◆ Recorded information

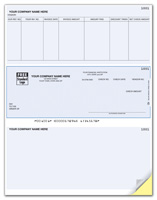 Laser/Inkjet Checks, Laser Checks, Accounts Payable, Peachtree for MAC Compatible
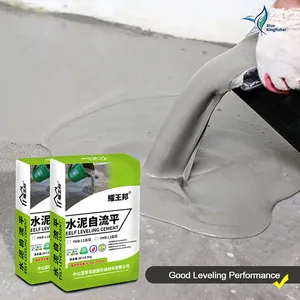 Floor White Micro Portland Wholesale Easy To Operate Epoxy Resin Floor Paint Coating Self Leveling Epoxy Resin Floor Paint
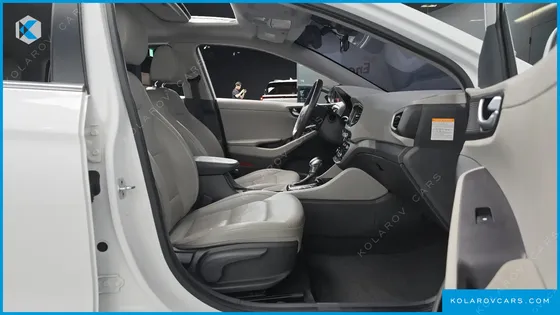 HYUNDAI IONIQ Q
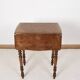 Small shuttered table, or side table.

◆ What this task involves
The required response consists solely of the lines from the line containing "Floor White Micro" through the end of the listing, both ends included, copied exactly without pictures.

◆ Solution to this task
 Floor White Micro Portland Wholesale Easy To Operate Epoxy Resin Floor Paint Coating Self Leveling Epoxy Resin Floor Paint
 HYUNDAI IONIQ Q
 Small shuttered table, or side table.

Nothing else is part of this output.